Tuesday, January 26, 2021

Moscow Plans for Ships ‘Too Big to Fail’ But That are Very Likely To, Russian Commentators Say

Paul Goble

            Staunton, January 23 – One of the reasons that the Russian navy and Russian shipbuilders keeps planning for larger ships like aircraft carriers is that officers believe that such projects are, to use the American locution, “too big to fail,” in that the Russian government will have no choice but to continue funding them even if costs rise, Vladimir Timokhin says.

            But the Voyenno-Promyshelnny Kuryer commentator says that as a result, Moscow is spending ever more money without seeing these ships or others that could be built if the funds were not going to these money pits, enriching the yards and feeding the egos of officers but not improving Russian security (vpk-news.ru/articles/60437).

            And Vladimir Tuchkov, a Svobodnaya pressa writer, adds that the ships that Moscow currently has on the drawing boards are so expensive that they will bust the budget entirely or force the Russian government to take money from everywhere else including the population to have a chance to fund (svpressa.ru/war21/article/287723/).

            Even then, there is little guarantee that these super ships like other super weapons some Russian politicians like to talk about will ever be built or, if they are, that they will provide Russia with the security that their backers continue to claim.
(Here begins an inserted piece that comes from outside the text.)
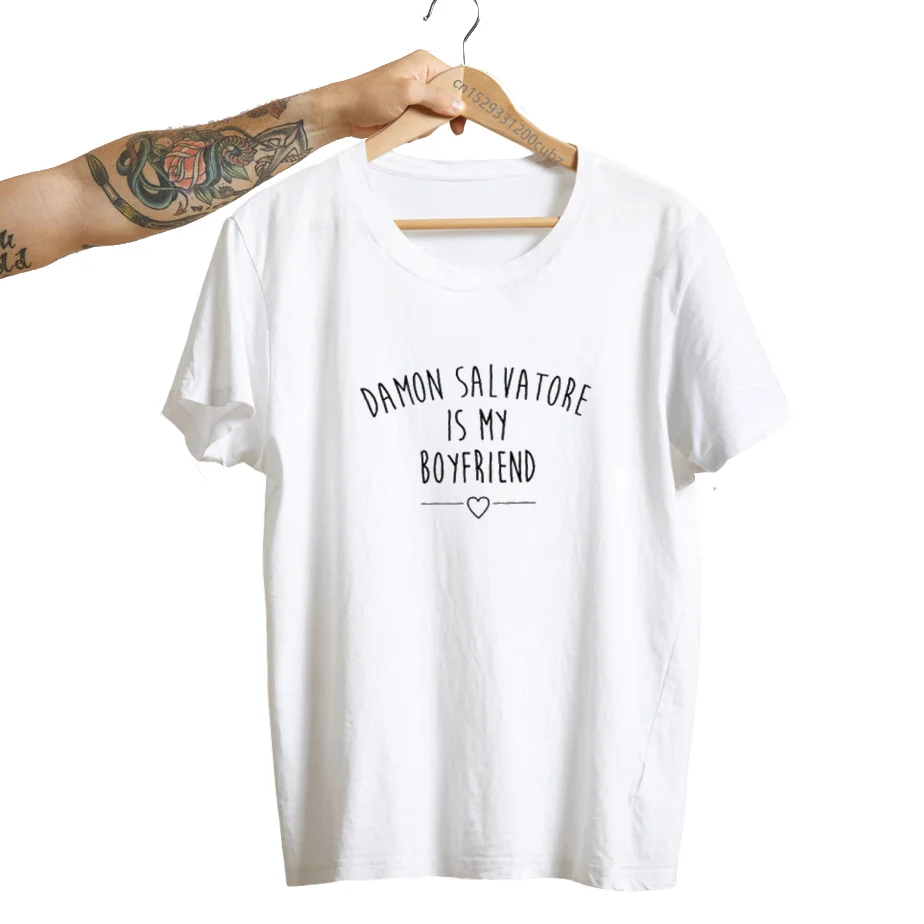 Футболка Деймона Сальваторе-мой парень Женская Мужская футболка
Because of lengthy construction times, they may be lag behind leading countries by the time they hit the water.

            In two new articles, the two provide evidence to back up their claims, focusing both on the yawning gap between plans and execution and its sources in the greed of Russian shipyards and the ambitions of Russian naval personnel. And they suggest that while talk of the new ships may make for good propaganda, the ships themselves may never appear.
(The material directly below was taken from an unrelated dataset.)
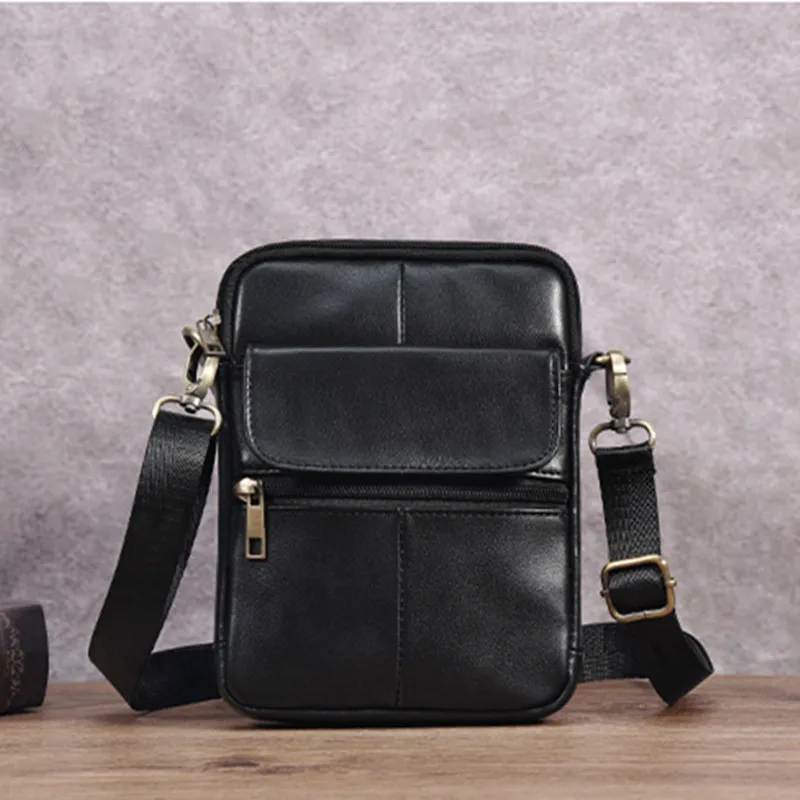 

Genuine leather men's shoulder messenger bag casual cowhide phone bag vintage male crossbody bag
            Tuchkov, for instance, says that the number of potential bottlenecks, practical and financial, “cast doubt on their practical realization and increase the risks that the construction of [these vessels] will either be useless or unsuitable for carrying out the tasks they were designed to do.”

                Because these projects have already eaten up so much money, he continues, they are “as the Americans say, ‘too big to fail.’ That is, failure is already impermissible for political reasons. But it is very probable.”  They will be at best a public relations exercise and at worst a monument to massive waste and corruption.